One of the longest-named prizes of the season, The Sunday Times / Peters Fraser + Dunlop Young Writer of the Year Award honors a work of fiction, nonfiction, or poetry by a British or Irish author aged between 18 and 35.
The jurors behind these selections are Elif Shafak and Lucy Hughes-Hallet, working with Sunday Times literary editor Andrew Holgate.
In a prepared statement, Holgate is quoted, saying, ‘The fact that the judges decided to nominate five instead of the usual four authors speaks volumes about the strength of this year’s shortlist–diverse, adventurous, immensely mature, and confident.
“The fact, too, that the voices we’ve picked come from such a range of backgrounds is a true endorsement of the confident, outward-looking nature of young British and Irish literature at the moment.
“We’re going to have a very difficult task on our hands choosing a winner from such an exceptional shortlist.”
Shafak is quoted, saying, “Our wonderful shortlist celebrates the depth and breadth of literature today, reflecting a striking diversity of styles, interests, genres, and backgrounds.
“Only one of these authors will win the prize in the end, but each of the five shortlisted books has already won our hearts, and we are confident that they will similarly win the hearts of readers worldwide.”
And Hughes-Hallett also weighs in, quoted as saying, “These authors are young, but they are already accomplished writers with strong and distinctive voices and impressive literary talents.
“Each of the five shortlisted books is a treat to read, buzzing with invention and intellectual energy. It’s great that we can help them find a public.”
This prize was inaugurated in 1991 and ran until around 2012, when it went into a seven-year hiatus. It was revived in 2015.
Sponsorship is provided by the literary agency Peters Fraser + Dunlop, with £5,000 (US$6,564) given to the overall winner and £400 (US$525) to each of this year’s four runners-up.
Beginning this year, the award is run in association with the University of Warwick, which will offer a customized 10-week residency for the award’s winner and a program of what organizers call “support” for past winners and this year’s shortlisted authors.
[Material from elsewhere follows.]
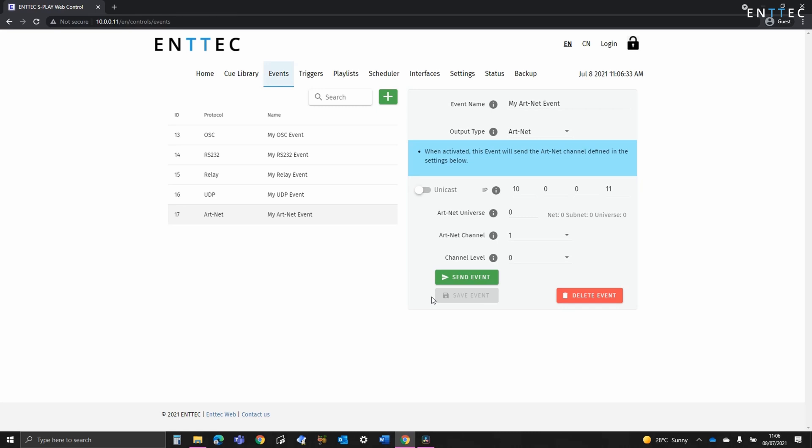If you're sending UDP, OSC, Artnet or Streaming ACN to a computer and you're not receiving data, it's worth checking your computer's firewall settings to ensure network packets entering your computer are not being blocked.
The university plans a free one-day festival of events and workshops, bringing together commentators, authors, journalists and performers on November 29. Information on that event is here.
In a separate announcement, the prize’s organizers also say that the British Council will be working with these shortlisted writers on international opportunities. Through the partnership, the organization will pursue travel opportunities for the writers, and provide access to its network and audiences.
The British Council, of course, is the UK’s international cultural promotional program, operating much as does Germany’s Goethe-Institut and China’s Confucius Society.